Deciding what to do with an inherited home is sometimes a tricky matter, especially if the property goes to a group of people. One may have long coveted the house, hoping to live in it. Another may view it as yet another financial burden…or an income-producing asset for rent. Arguments over buyouts and seniority may ensue. Ideally, though, beneficiaries who receive a house can agree on the disposal. Oftentimes, this is accomplished through the sale of the property and division of the proceeds, if applicable. Other questions will arise, however. Is the home in marketable condition and who should be entrusted with the sale itself?

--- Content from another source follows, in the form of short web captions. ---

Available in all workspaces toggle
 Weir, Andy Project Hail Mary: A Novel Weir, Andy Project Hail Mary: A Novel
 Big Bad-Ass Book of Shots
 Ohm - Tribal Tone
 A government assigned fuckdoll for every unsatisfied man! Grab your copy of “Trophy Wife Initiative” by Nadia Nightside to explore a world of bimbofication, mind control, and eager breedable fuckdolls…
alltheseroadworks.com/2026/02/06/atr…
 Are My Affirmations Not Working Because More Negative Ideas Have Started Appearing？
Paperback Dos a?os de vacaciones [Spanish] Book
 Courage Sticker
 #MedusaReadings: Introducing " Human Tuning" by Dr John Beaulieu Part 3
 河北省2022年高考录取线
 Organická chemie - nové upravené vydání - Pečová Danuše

Wills are read and executed after the death of the testator. Frequently, this person who bequeaths his or her property was aged at the time of expiration, not having the funds, capacity or stamina to keep the house in optimal repair. The seller must decide whether refurbishing and beautifying the dwelling is worth the cost. A knowledge of market value after restoration is key to making such a calculation. Perhaps modest repairs are enough. Perhaps not. Understanding how homes are appraised and what moves them on the market–which is sometimes unfavorable–is key to selling inherited property at maximum profit.
How to Sell…and to Whom
The traditional answer when selling an inherited home is to consult and hire a realtor. With knowledge of the real estate market and local sales, this person can be very helpful. At the same time, the agent or broker has a living to earn and may price the house high to confirm a reasonable commission. Alternatively, the for-sale-by-owner route is available, though the experience is often long, drawn out and financially unsatisfactory.
Another avenue with inherited property is selling to an investor or wholesaler. The idea might prompt fierce head shakes and protests. Needless to say, there are unscrupulous investors out there who do not play fairly. Like realtors, a home buying company is in business to make money. However, like every business dealing, there is a right way and a wrong way. True professionals understand that their reputations precede them so they place a premium on honesty and respect. Fortunately, the information age allows sellers to check out the record of any investor they might do business with.
Any we buy houses company that makes an offer should be measured by the following criteria:
- Do they work with a network of professionals–lawyers, accountants, home inspectors, e.g.–who can attest to their competence and character?
- Do they assess the risks of each transaction rather than simply present the rosiest scenario?
- Is the we buy houses company knowledgeable about the neighborhood, the real estate market and the value of the house?
- Do they operate from a business plan or simply go from deal to deal
A home buying company that answers these questions affirmatively makes the short list of trustworthy investors.